Me deixei ali mesmo na sala de estar. Tentei procrastinar o problema, apesar de não me caber debaixo do tapete. Tranquei a porta de casa e saí. Tentei levar o dia normal, fingir que nada havia acontecido. Mas aquilo não tinha nada de normal. Como assim me receber de volta? Achei melhor voltar e me encarar.

Me olhei e eu ainda estava ali do jeito que havia me deixado. Ainda me faltavam as partes que não sabia o nome. Era difícil me ver assim nesse estado de semissobrevivência e semi-integridade. Estavam ali meus cabelos, olhos, boca, tronco, membros. Estavam ali, mas eu não me estava por inteiro.

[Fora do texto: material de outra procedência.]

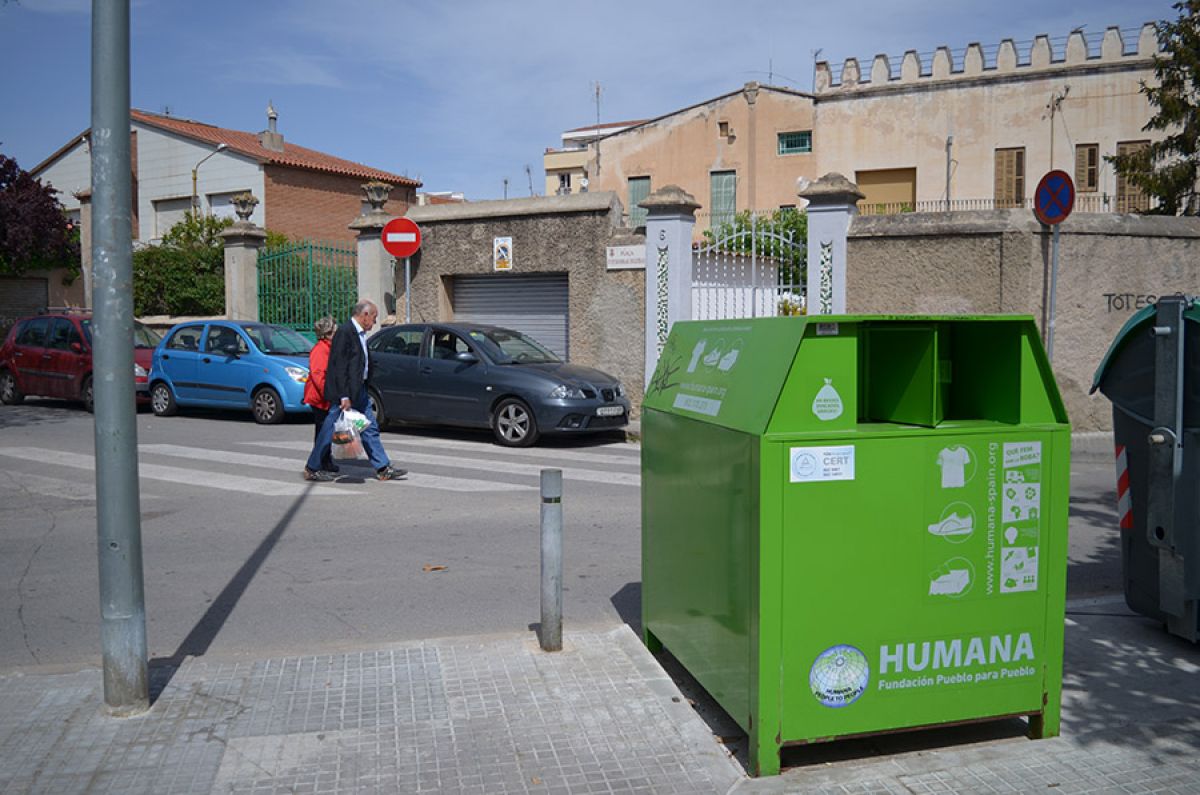 Un contenidor verd d'Humana a Rubí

Me encarei por um bom tempo e cada vez mais me perdia  em indagações comigo mesmo.

O desespero era evidente, questão de tempo. E me tomei em desespero. Fiquei com medo de não resistir tão exposto ao mundo e suas condições e temperaturas normais. Resolvi me guardar no freezer. Era necessário gelo. Era necessário me caber naquele freezer. Lá ganharia tempo. Lá estaria conservado e seguro até resolver o que fazer comigo.

Não me caberia no gelo sem me destroçar. Peguei o cutelo e sem dó de mim enfiei bem forte logo no peito. Me abri, me destrocei por inteiro, separei lado de cá e lado de lá. Procurei desesperadamente por aquilo que me faltava e não conhecia o nome. Me destrocei cada vez mais. Descobria partes em mim que não conhecia e as estraçalhava em seguida. Não eram o que eu procurava. Todas partes insignificantes. Apenas apêndices. Não me serviriam, estavam ali apenas para ser estraçalhadas. O que procurava, o que me faltava e não tinha nome, não encontrei. Não encontrei. Não sabia o que encontrar.  

Quando me caí em mim, apenas me vi ali em meio a tantos pedaços que eu mesmo fragmentei. Destroço particular. Parte ocular: me olhei mais uma vez e chorei. E como chorei.

Chorando percebi que não eram as lágrimas que me faltavam. E também por isso chorei.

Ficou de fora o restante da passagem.